*** Begin section ***

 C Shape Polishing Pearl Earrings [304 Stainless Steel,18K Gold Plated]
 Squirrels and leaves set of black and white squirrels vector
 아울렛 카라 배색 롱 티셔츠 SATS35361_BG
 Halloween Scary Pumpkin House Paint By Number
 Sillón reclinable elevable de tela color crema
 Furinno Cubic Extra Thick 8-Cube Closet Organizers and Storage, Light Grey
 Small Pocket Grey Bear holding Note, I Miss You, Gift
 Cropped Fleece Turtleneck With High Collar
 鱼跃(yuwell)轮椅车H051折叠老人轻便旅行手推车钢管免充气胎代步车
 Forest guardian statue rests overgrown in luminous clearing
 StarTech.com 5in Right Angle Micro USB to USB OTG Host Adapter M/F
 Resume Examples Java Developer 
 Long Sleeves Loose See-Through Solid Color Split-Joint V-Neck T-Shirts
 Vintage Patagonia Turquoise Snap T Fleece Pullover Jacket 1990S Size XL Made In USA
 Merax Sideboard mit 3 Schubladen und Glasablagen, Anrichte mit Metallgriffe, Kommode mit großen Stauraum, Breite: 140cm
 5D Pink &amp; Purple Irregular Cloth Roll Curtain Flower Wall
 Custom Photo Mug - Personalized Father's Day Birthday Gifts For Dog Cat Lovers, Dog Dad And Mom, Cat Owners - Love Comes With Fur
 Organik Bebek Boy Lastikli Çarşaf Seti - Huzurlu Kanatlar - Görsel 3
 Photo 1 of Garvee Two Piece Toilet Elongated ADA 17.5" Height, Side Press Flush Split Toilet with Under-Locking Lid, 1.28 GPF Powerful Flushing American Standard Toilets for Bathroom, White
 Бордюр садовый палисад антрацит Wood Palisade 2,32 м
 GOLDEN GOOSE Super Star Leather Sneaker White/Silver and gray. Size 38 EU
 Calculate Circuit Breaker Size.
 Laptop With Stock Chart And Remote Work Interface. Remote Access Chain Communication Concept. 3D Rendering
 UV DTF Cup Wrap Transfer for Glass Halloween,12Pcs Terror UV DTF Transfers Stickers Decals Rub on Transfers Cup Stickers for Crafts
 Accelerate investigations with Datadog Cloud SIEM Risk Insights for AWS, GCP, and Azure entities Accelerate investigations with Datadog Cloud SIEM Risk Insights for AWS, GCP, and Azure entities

*** End section ***

▶ Description of the task: Using the records, find how many lines include the string "Size" and report that number alone.

▶ Written response: 3